We observe that the slice categories and coslice categories are special cases of comma categories. For example, using the notation in the definition of comma categories, take \mathcal{D}=\mathcal{C} with \mathcal{F} the identity functor, and take \mathcal{E} to be the category with a single object B and denote X:=\mathcal{G}(B) which is an object in \mathcal{C}. Then we obtain the slice category (\mathcal{C}\downarrow X). A similar consideration produces the coslice category.

The definition of universal property deals with a comma category of generality in between definition 1.5.6 and slice/coslice categories.

Definition 1.5.7: Suppose \mathcal{F}:\mathcal{C}\to\mathcal{D} is a functor, and let X be an object of \mathcal{D}.

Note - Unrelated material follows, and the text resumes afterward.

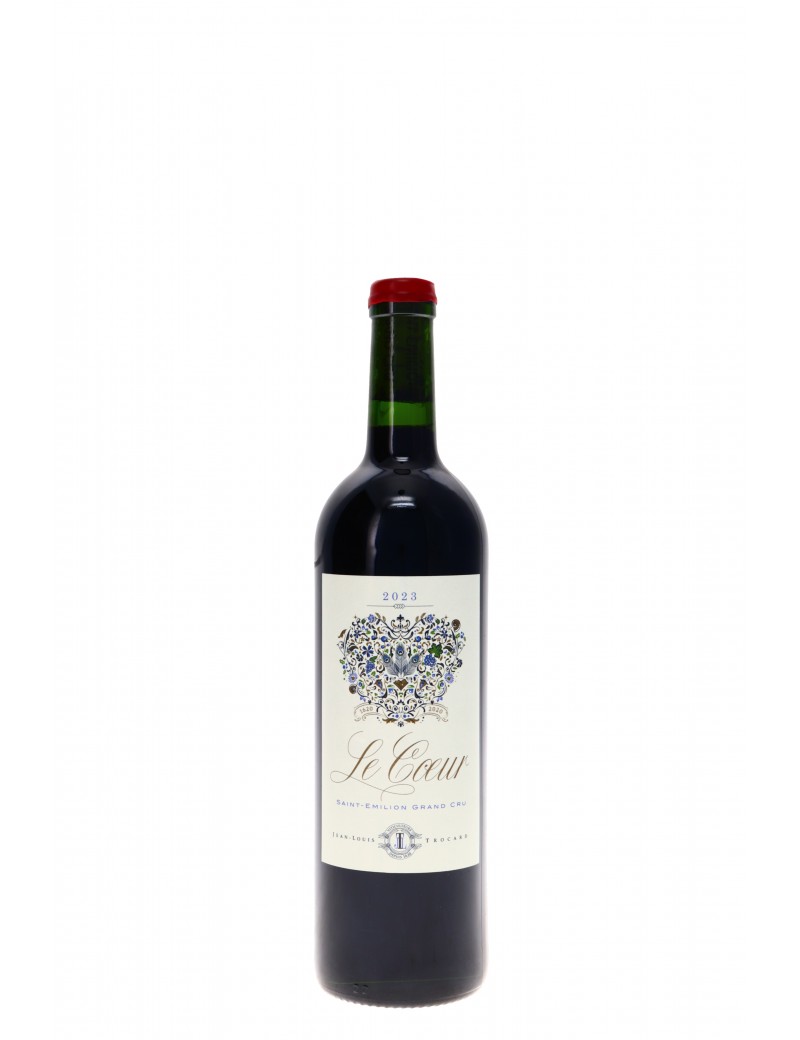 SAINT EMILION GRAND CRU LE COEUR 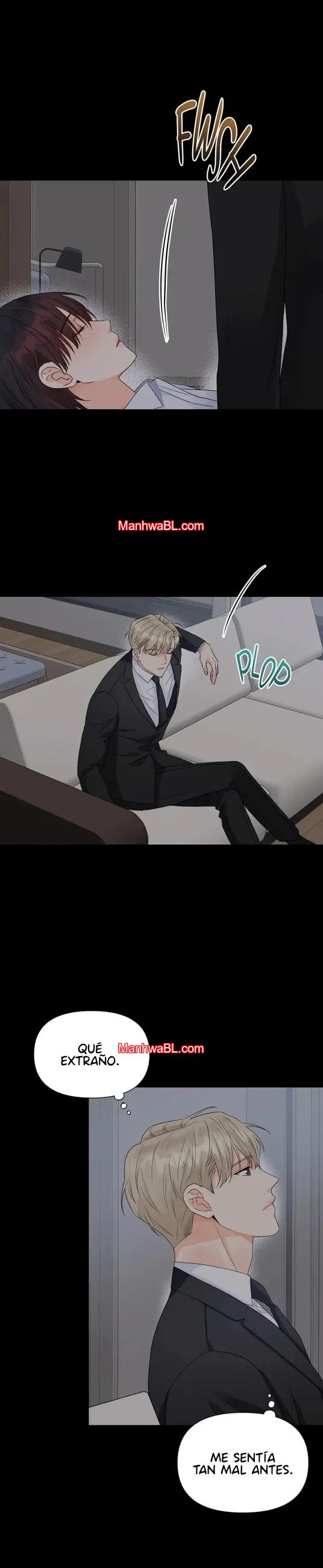The Flower Blooming in My Hand - Capítulo 33 2 manhwa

  • An initial morphism from X to \mathcal{F} is an initial object in the comma category (X\downarrow\mathcal{F}). In other words, it is a pair (A,f) where A is an object of \mathcal{C} and f:X\to\mathcal{F}(A) is a morphism in \mathcal{D}, such that whenever A' is an object of \mathcal{C} and f':X\to\mathcal{F}(A') is a morphism in \mathcal{D}, there exists a unique morphism \phi:A\to A' that makes the below diagram (fig 1.24) commute.
Fig1-24

Fig1-24

  • A terminal morphism from \mathcal{F} to X is a terminal object in the comma category (\mathcal{F}\downarrow X). In other words, it is a pair (A,f) where A is an object of \mathcal{C} and f:\mathcal{F}(A)\to X is a morphism in \mathcal{D}, such that whenever A' is an object of \mathcal{C} and f':\mathcal{F}(A')\to X is a morphism in \mathcal{D}, there exists a unique morphism \phi:A\to A' that makes the above diagram (fig 1.25) commute.
Fig1-25

Fig1-25

We say that a construction satisfies a universal property if it can be viewed as an initial or final morphism.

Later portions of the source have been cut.